• [What you are asked to do]
Only an exact copy is wanted: the lines from the one holding "Dennis Dental Care Treatment room" through the last line below, minus the pictures.

Records supplied Start Marker

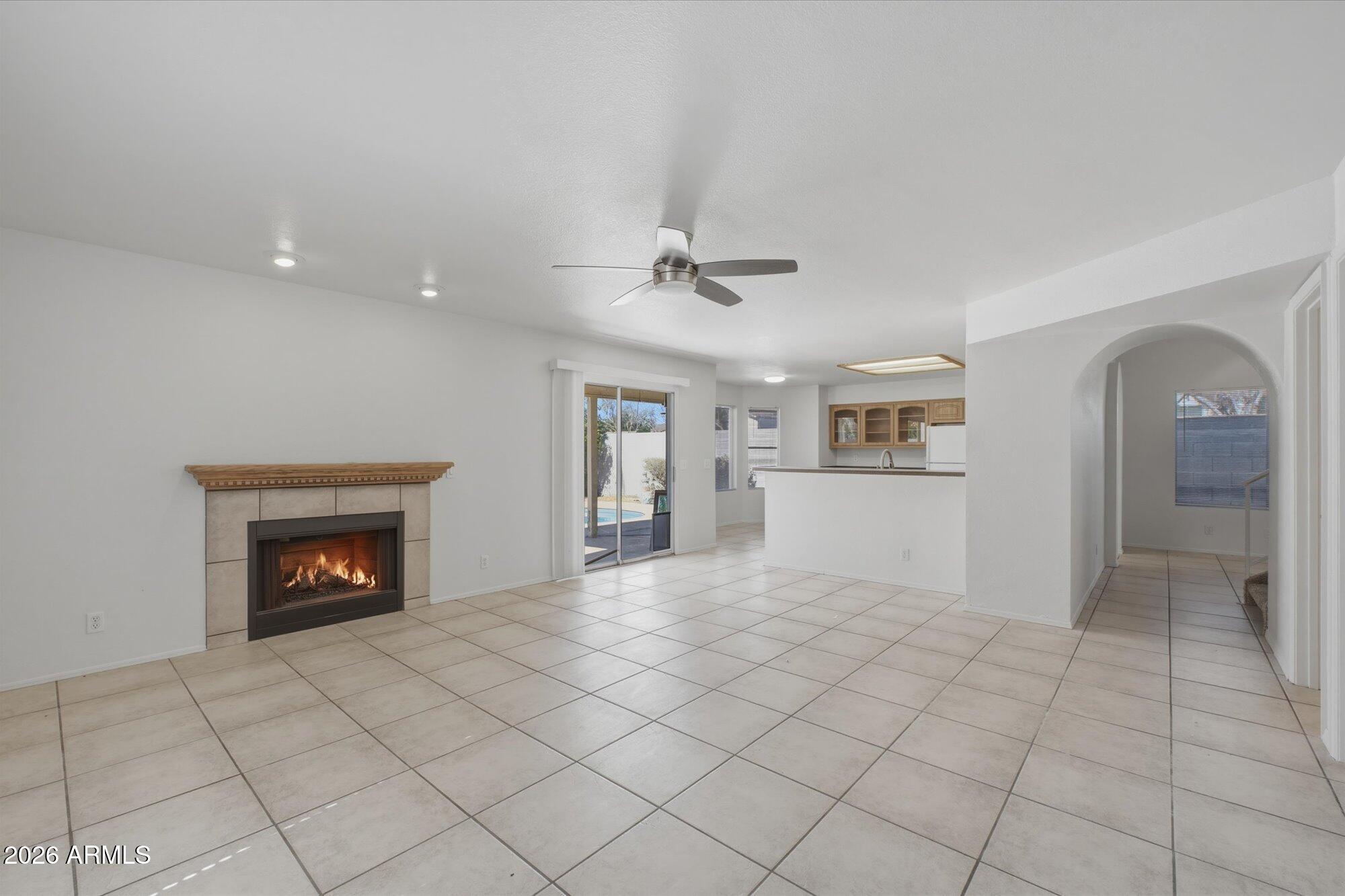 202 S Del Pueblo Street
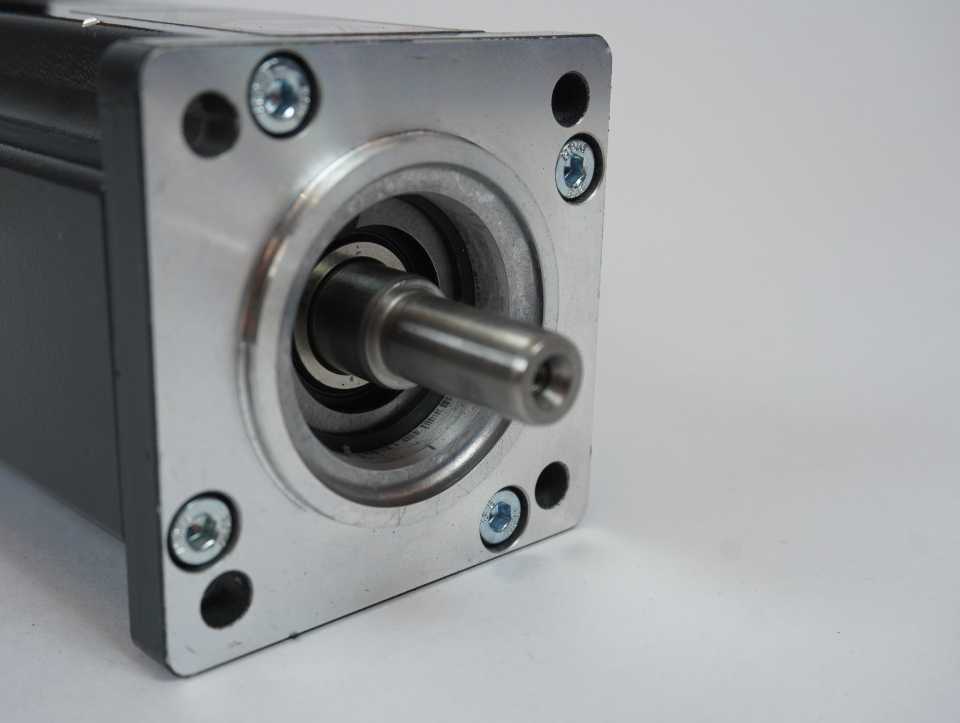 Beckhoff AM8122-0JH0-0000 Servo Motor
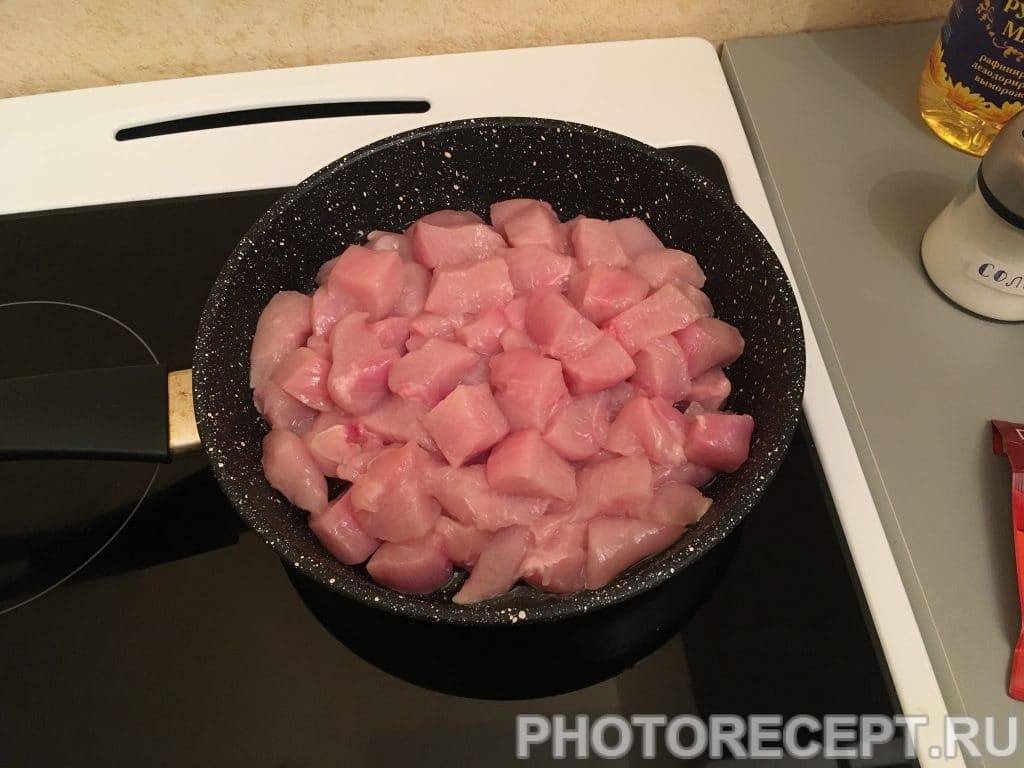 Фото рецепта - Пикантная тушеная курица - шаг 3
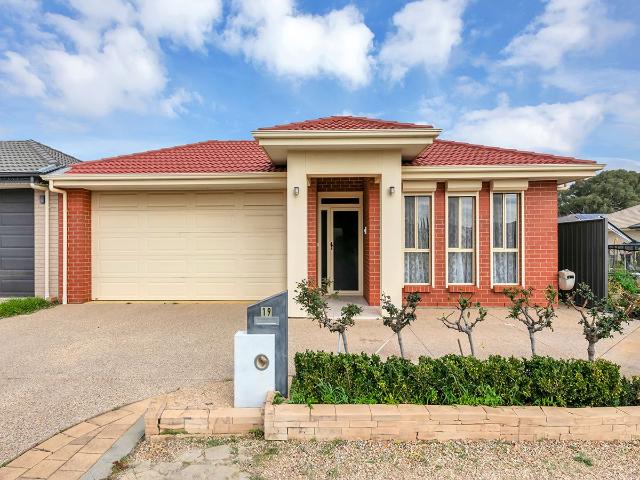19 Piovesan drive, PARALOWIE, SA 5108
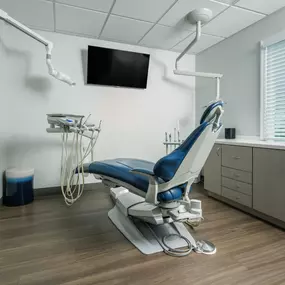 Dennis Dental Care Treatment room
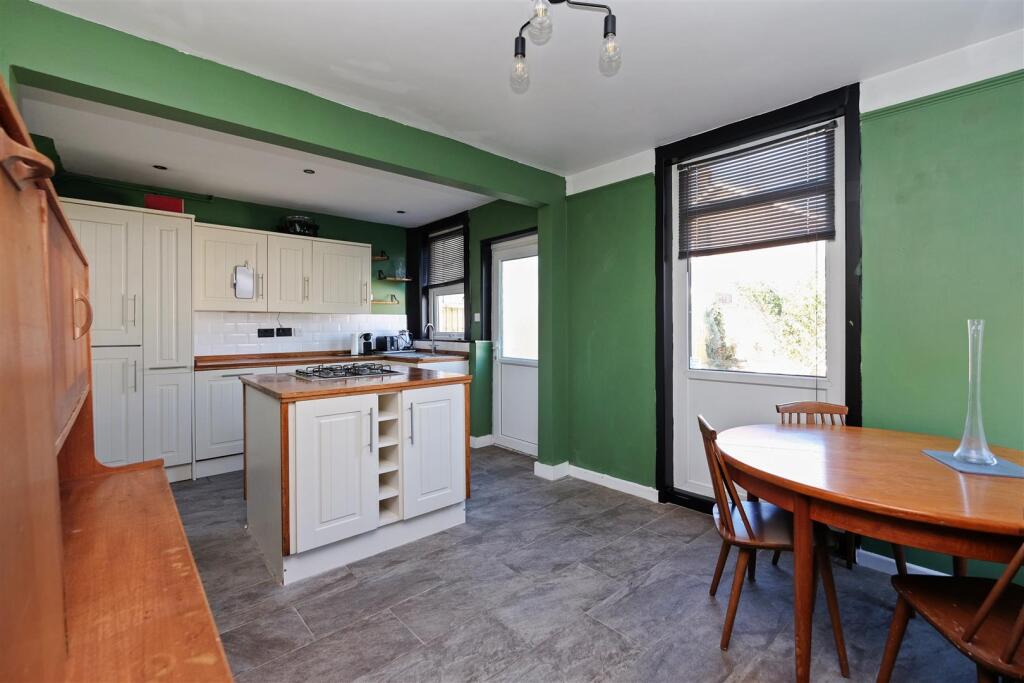 House in Canterbury - View 4
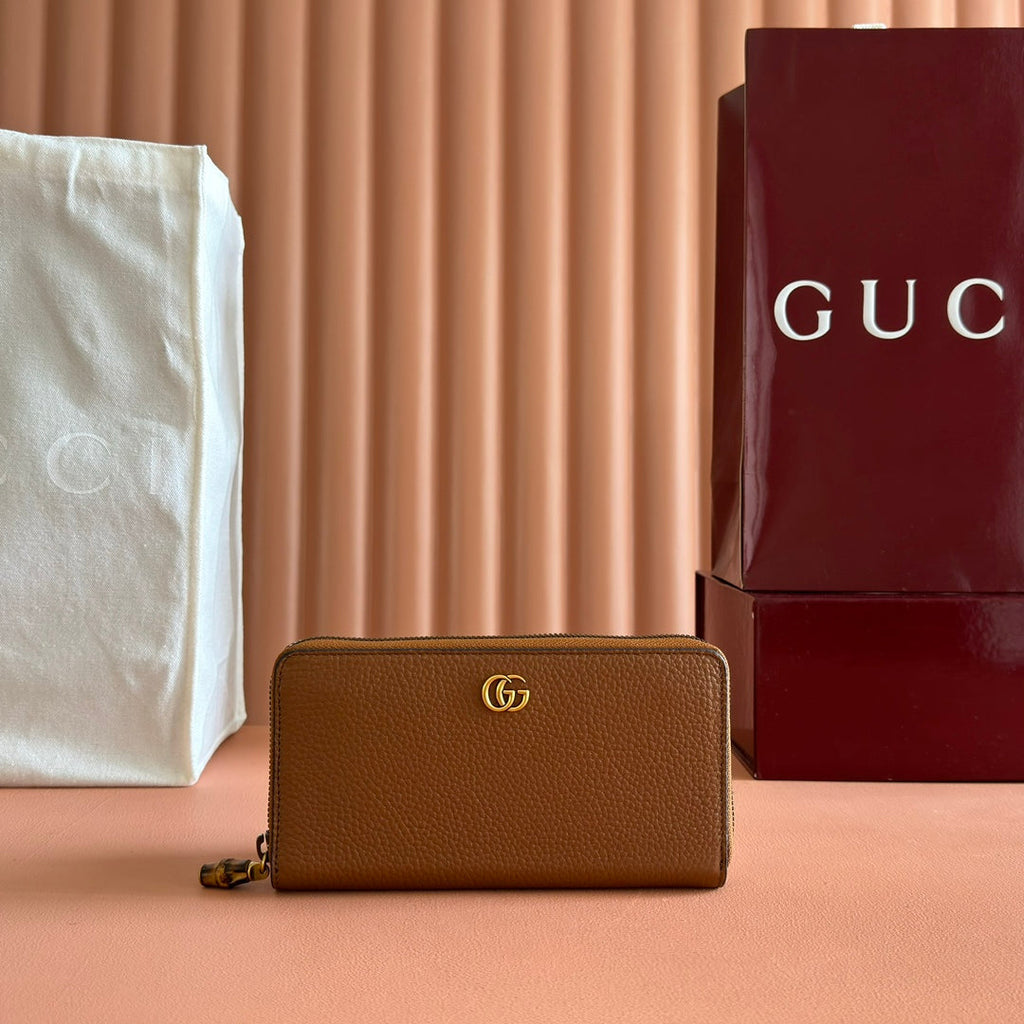 GUCCI 25S MARMONT WALLET 19 IN BROWN CALFSKIN GOLD HARDWARE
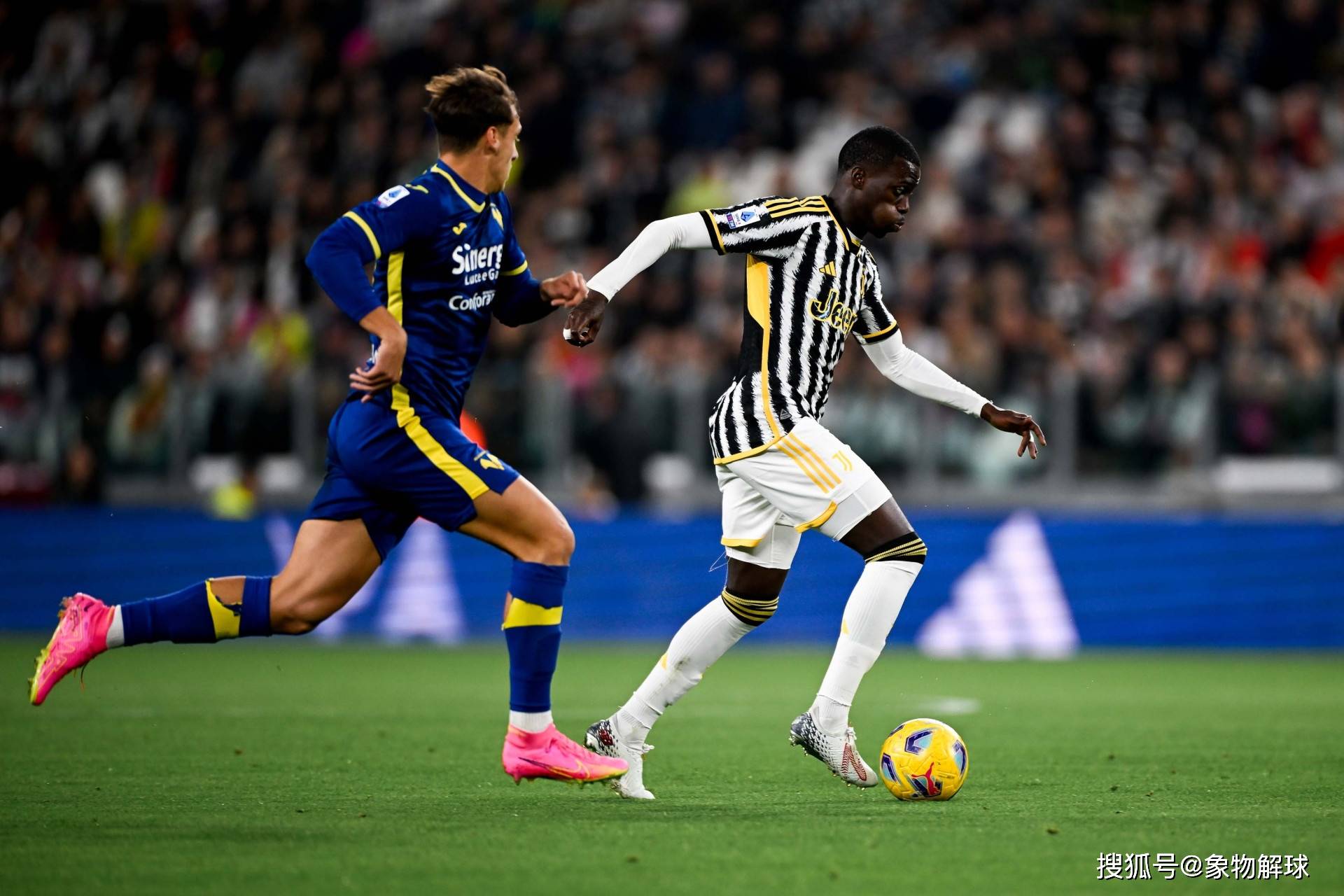 意甲巅峰对决 维罗纳对阵尤文图斯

Records supplied End Marker

• [Finished exercise]
 Dennis Dental Care Treatment room
 House in Canterbury - View 4
 GUCCI 25S MARMONT WALLET 19 IN BROWN CALFSKIN GOLD HARDWARE
 意甲巅峰对决 维罗纳对阵尤文图斯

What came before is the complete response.